═══ DATA RECORDS ═══

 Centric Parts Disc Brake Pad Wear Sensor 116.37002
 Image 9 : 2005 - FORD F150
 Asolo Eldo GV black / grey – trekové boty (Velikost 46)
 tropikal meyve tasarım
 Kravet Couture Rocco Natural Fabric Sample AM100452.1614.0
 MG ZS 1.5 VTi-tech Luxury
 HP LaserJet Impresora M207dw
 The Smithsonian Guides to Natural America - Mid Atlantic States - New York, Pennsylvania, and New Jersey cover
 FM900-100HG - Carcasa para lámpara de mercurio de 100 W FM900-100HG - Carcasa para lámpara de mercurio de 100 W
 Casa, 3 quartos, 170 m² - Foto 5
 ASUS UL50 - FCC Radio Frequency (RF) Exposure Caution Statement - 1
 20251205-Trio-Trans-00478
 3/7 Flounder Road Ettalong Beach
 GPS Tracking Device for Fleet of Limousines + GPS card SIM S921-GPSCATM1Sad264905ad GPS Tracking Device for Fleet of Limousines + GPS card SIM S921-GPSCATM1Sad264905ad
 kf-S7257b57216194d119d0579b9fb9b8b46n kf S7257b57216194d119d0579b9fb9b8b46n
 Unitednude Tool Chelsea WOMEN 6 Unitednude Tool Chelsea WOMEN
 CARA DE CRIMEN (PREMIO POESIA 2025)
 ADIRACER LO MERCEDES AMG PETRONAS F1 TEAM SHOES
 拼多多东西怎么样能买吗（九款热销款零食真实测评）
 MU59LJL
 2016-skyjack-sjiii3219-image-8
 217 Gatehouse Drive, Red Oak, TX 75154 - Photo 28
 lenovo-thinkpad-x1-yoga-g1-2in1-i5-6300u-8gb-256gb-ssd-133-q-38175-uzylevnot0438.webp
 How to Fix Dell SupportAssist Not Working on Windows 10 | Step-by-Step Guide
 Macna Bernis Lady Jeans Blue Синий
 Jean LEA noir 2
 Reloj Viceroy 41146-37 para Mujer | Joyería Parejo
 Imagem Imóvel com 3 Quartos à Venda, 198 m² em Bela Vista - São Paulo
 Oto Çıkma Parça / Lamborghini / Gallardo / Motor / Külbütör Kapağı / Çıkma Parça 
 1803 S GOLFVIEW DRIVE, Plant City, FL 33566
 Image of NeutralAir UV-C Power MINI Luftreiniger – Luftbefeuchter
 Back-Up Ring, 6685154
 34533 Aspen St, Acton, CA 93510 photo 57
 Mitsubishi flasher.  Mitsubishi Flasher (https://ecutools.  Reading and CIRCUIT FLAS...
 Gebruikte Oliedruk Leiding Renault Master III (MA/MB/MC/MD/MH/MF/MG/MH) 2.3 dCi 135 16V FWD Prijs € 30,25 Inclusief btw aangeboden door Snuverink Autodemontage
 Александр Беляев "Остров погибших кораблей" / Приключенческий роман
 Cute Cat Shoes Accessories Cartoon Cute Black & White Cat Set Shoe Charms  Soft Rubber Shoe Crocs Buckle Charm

═══

Which lines of the data contain "para"? Copy them all.

 FM900-100HG - Carcasa para lámpara de mercurio de 100 W FM900-100HG - Carcasa para lámpara de mercurio de 100 W
 Reloj Viceroy 41146-37 para Mujer | Joyería Parejo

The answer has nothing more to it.